(Caption-style text data)
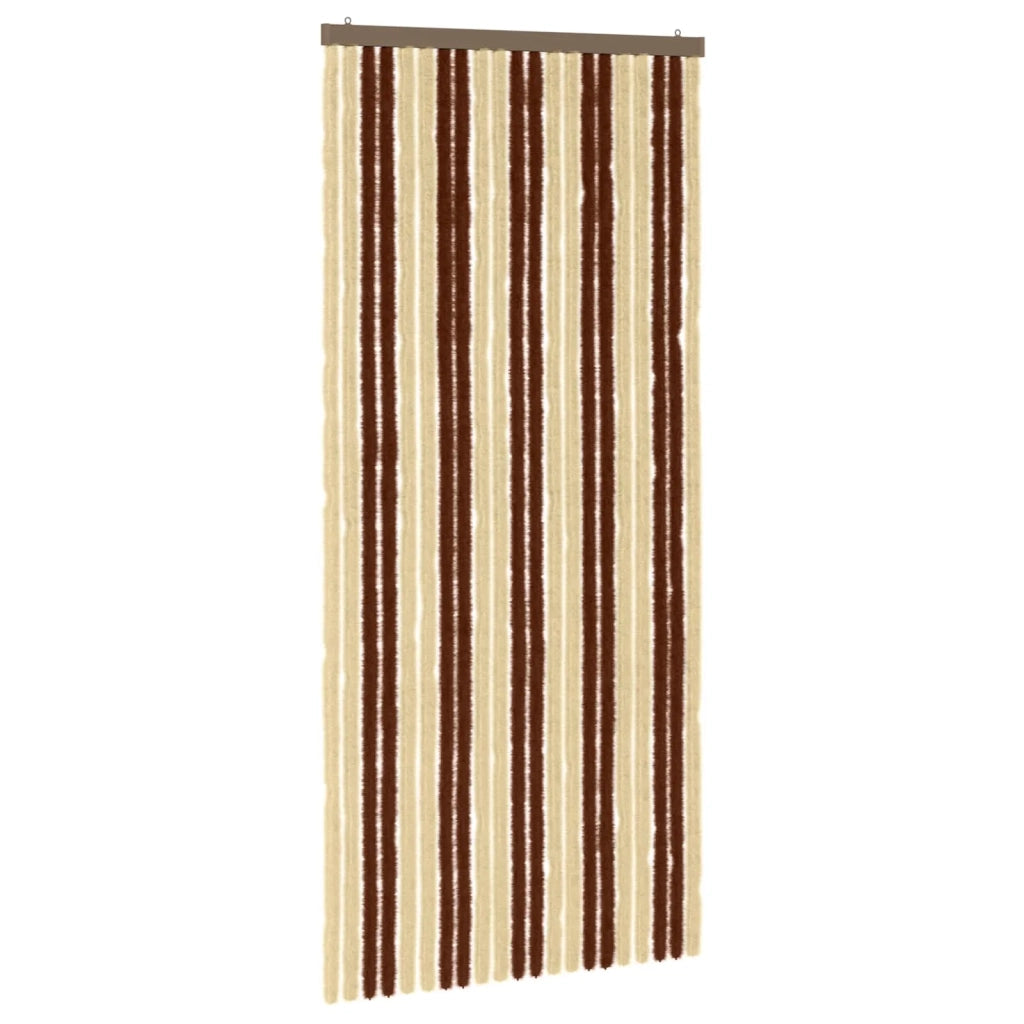 Tenda per insetti in chenille Marrone e Beige 90 x 200 cm 42034447
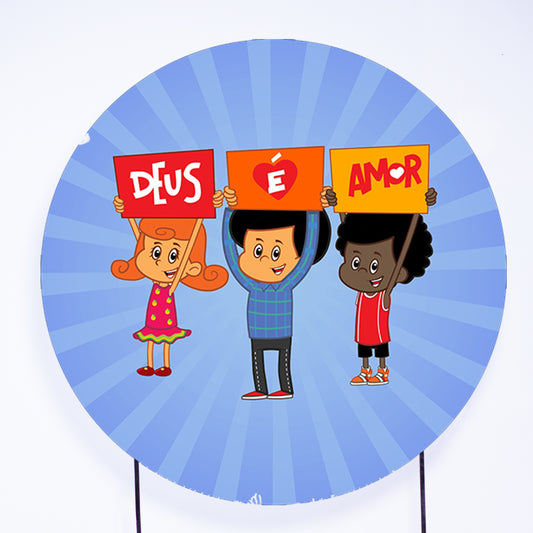 Painel Redondo Deus é Amor Arco Íris Sublimado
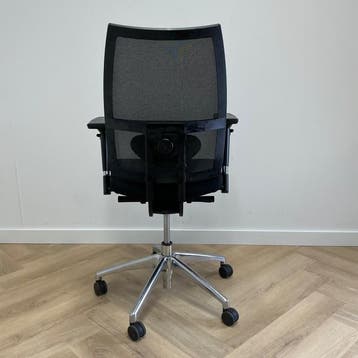 ergonomische bureaustoel + lendesteun, zwart - chroom, Ophalen of Verzenden, Ergonomisch, Gebruikt, Bureaustoel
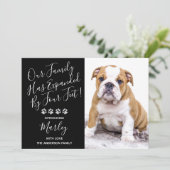 Puppy Annountion - Elegant modern zwart nieuw pakk Kaart (Staand voorkant)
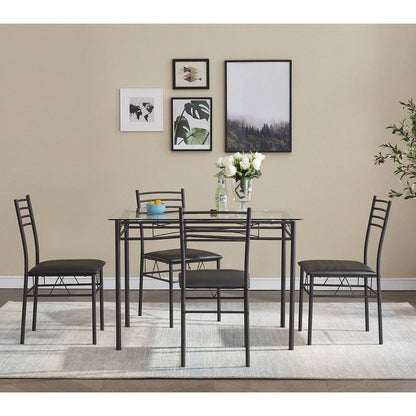 Juego de comedor negro de 5 piezas con mesa rectangular con cubierta de cristal y 4 sillas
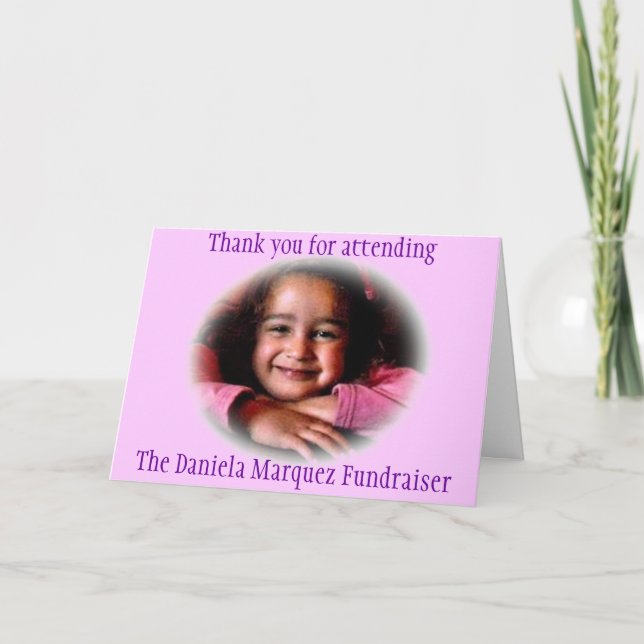 Daniela Fundraiser Letterpress Thank You Card (Front)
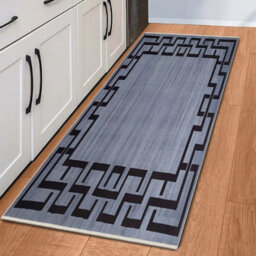 Ameha Luxury Non Slip Printed Runner Rugs Kitchen Hallway Floor Mats Indoor/outdoor Greek Grey Pattern Rug, 60X220 Cm - thumbnail 2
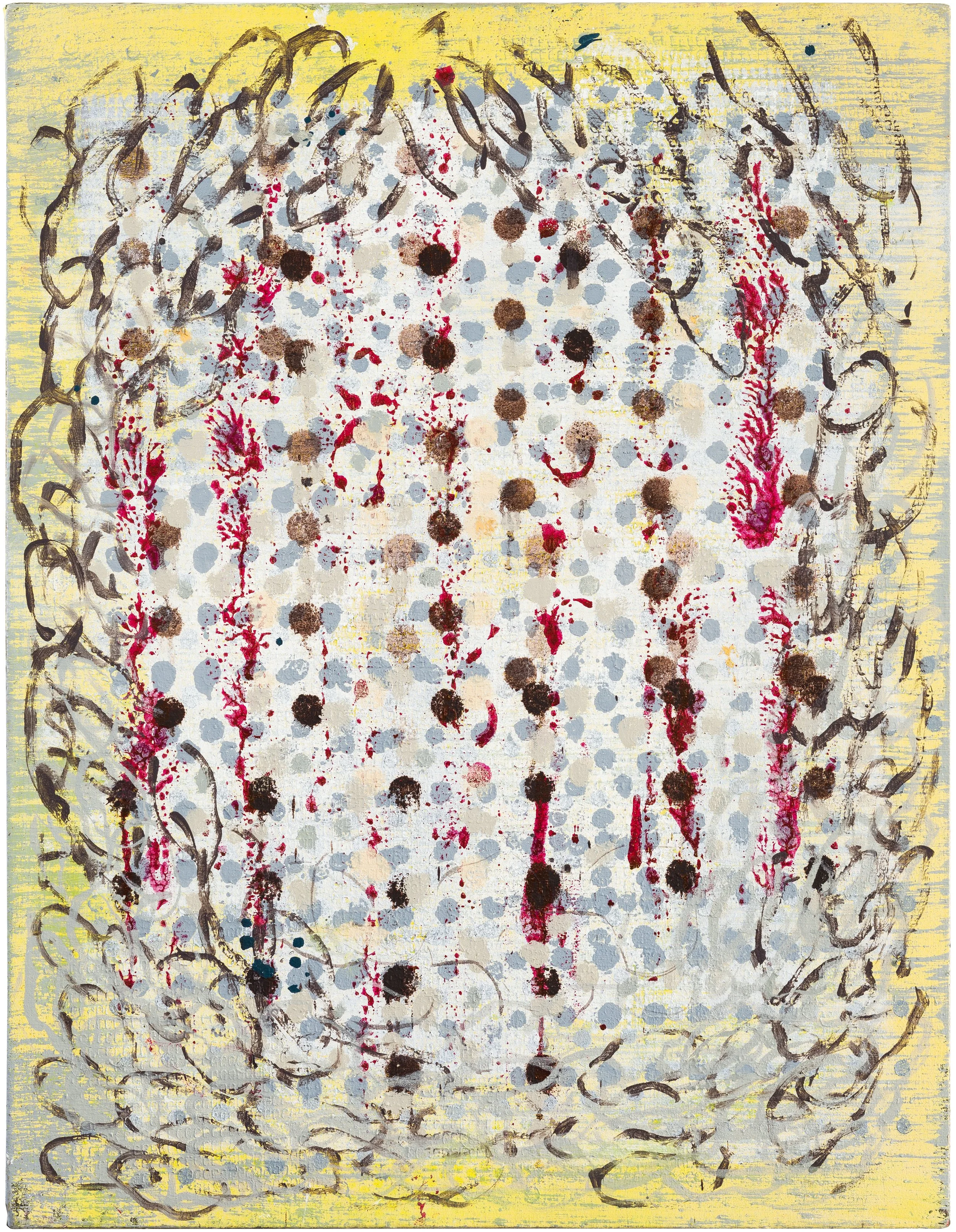 MARKUS BALDEGGER, "Untitled", 2014, oil, tempera, and ink on canvas, 31.5 x 26.5 inches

## Goal of the exercise
Copy out every entry above word for word; omit the images.

## Solution for this task
 Tenda per insetti in chenille Marrone e Beige 90 x 200 cm 42034447
 Painel Redondo Deus é Amor Arco Íris Sublimado
 ergonomische bureaustoel + lendesteun, zwart - chroom, Ophalen of Verzenden, Ergonomisch, Gebruikt, Bureaustoel
 Puppy Annountion - Elegant modern zwart nieuw pakk Kaart (Staand voorkant)
 Juego de comedor negro de 5 piezas con mesa rectangular con cubierta de cristal y 4 sillas
 Daniela Fundraiser Letterpress Thank You Card (Front)
 Ameha Luxury Non Slip Printed Runner Rugs Kitchen Hallway Floor Mats Indoor/outdoor Greek Grey Pattern Rug, 60X220 Cm - thumbnail 2
 MARKUS BALDEGGER, "Untitled", 2014, oil, tempera, and ink on canvas, 31.5 x 26.5 inches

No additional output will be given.